Materials provided
============================================================
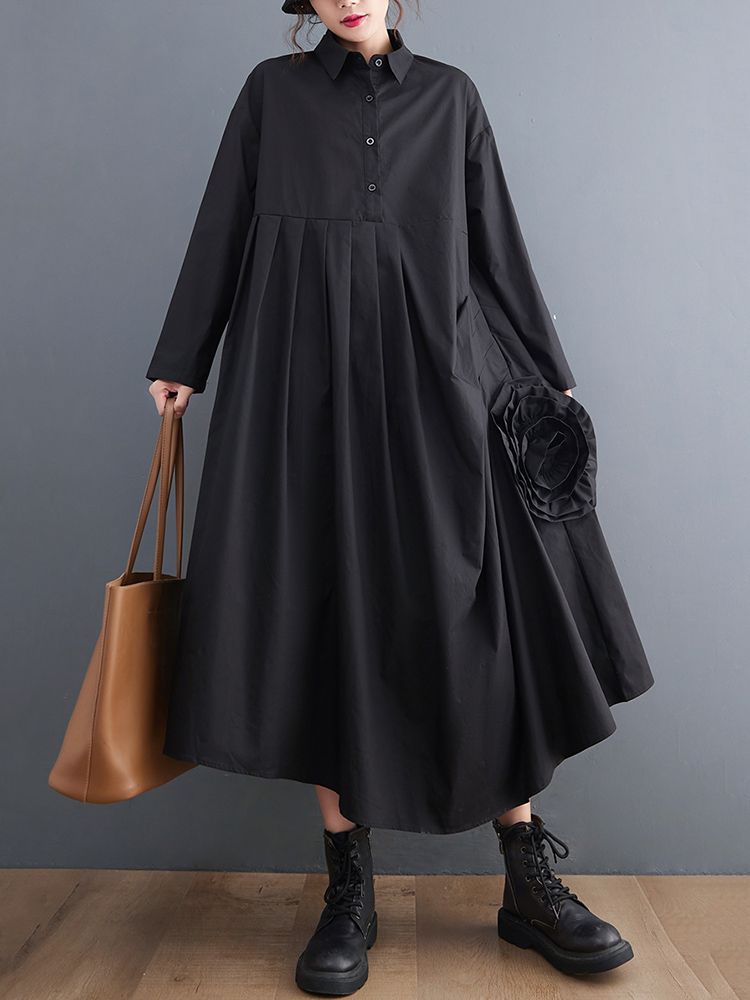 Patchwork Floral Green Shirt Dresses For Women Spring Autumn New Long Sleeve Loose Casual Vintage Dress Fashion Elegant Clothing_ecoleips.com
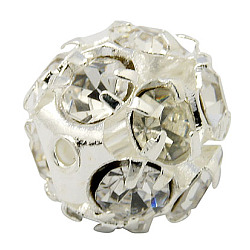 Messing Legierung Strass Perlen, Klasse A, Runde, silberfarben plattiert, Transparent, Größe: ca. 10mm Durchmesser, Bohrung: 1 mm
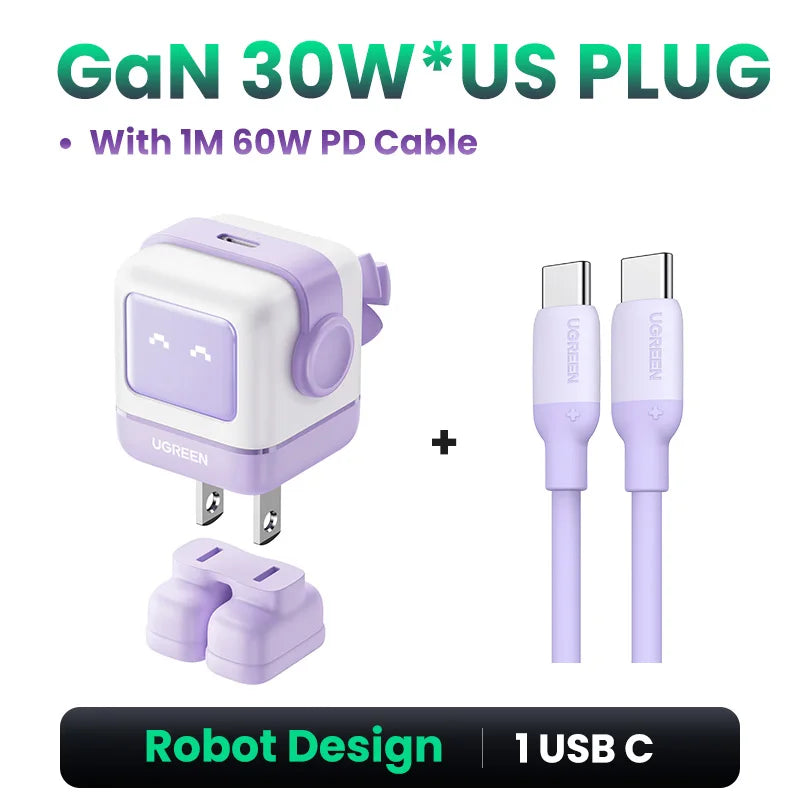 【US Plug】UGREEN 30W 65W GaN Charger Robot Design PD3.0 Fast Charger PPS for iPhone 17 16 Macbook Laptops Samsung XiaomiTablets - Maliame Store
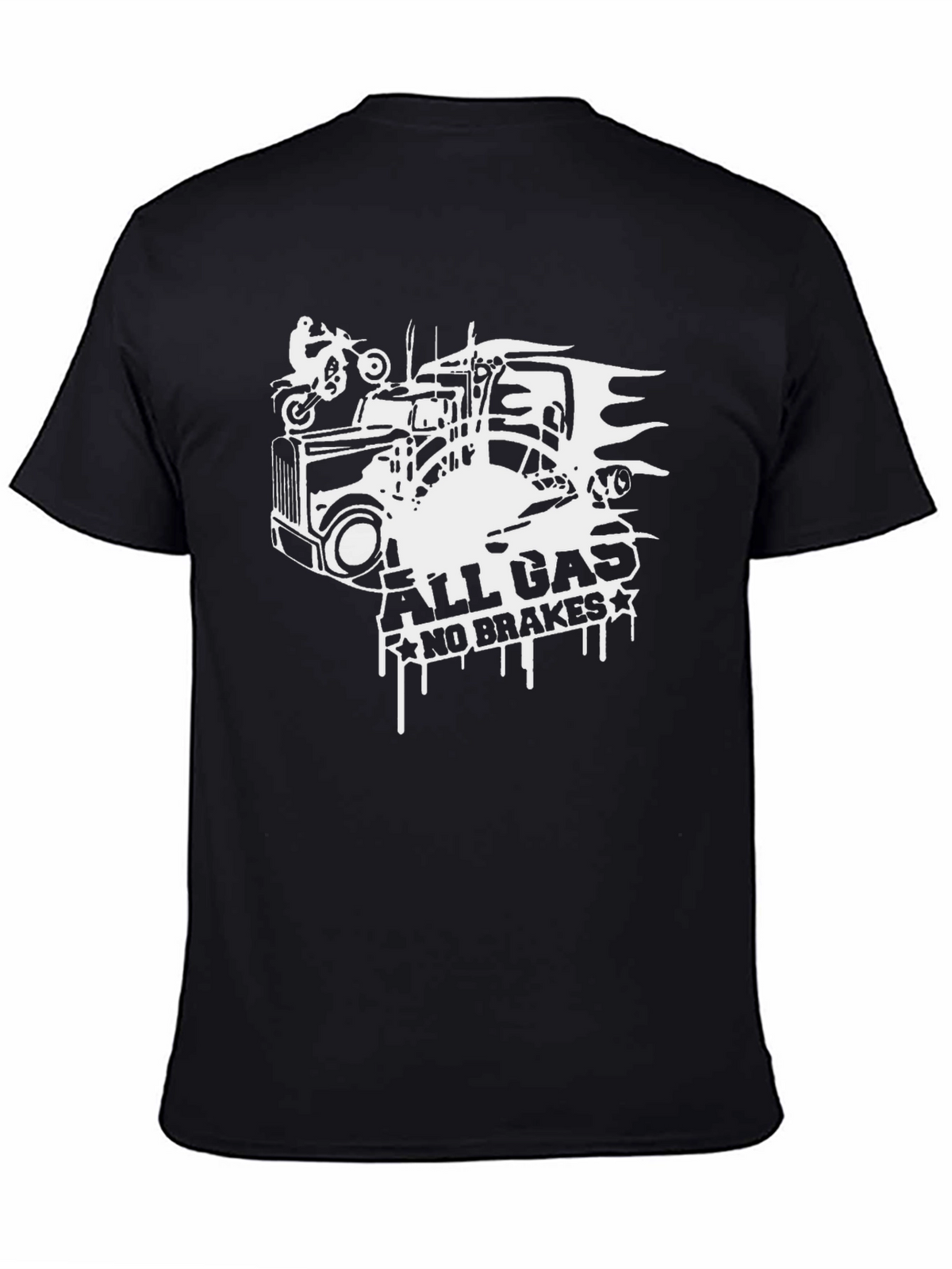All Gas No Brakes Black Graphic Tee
============================================================
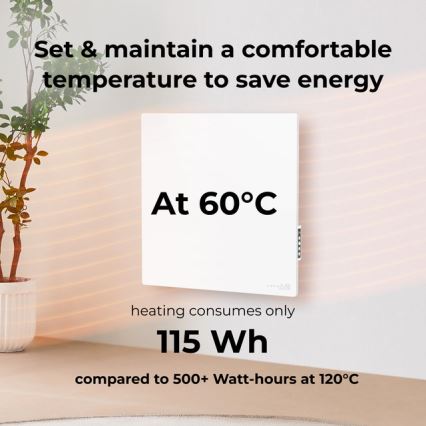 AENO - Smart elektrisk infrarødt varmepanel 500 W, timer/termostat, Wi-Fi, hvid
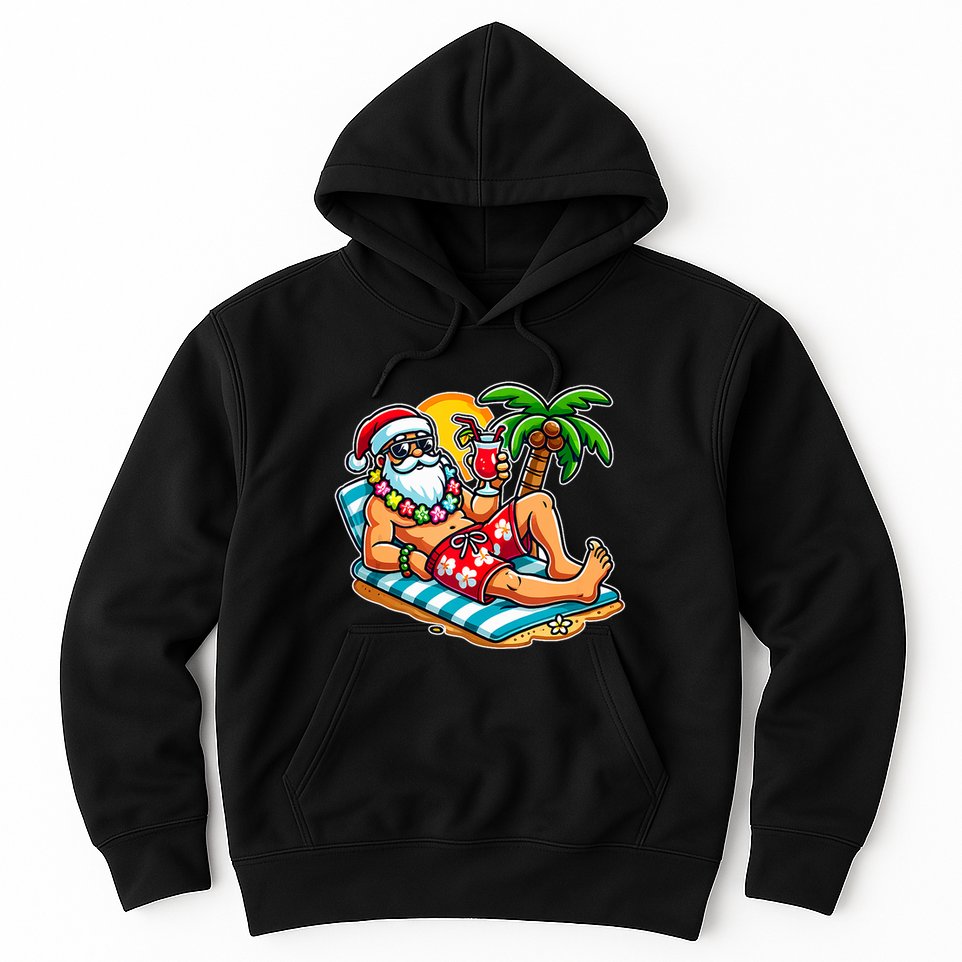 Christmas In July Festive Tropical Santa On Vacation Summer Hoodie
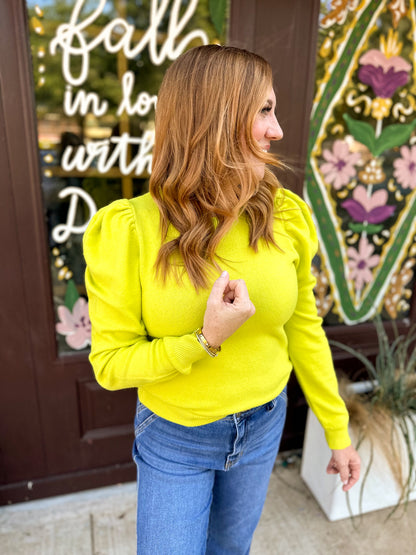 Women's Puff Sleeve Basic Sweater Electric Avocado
============================================================
Activity
Copy the entries above exactly, but only the stretch from the line containing "Messing Legierung Strass" through the line containing "All Gas No Brakes Black Graphic Tee". Keep both end lines; drop the pictures.

Solution for this task
 Messing Legierung Strass Perlen, Klasse A, Runde, silberfarben plattiert, Transparent, Größe: ca. 10mm Durchmesser, Bohrung: 1 mm
 【US Plug】UGREEN 30W 65W GaN Charger Robot Design PD3.0 Fast Charger PPS for iPhone 17 16 Macbook Laptops Samsung XiaomiTablets - Maliame Store
All Gas No Brakes Black Graphic Tee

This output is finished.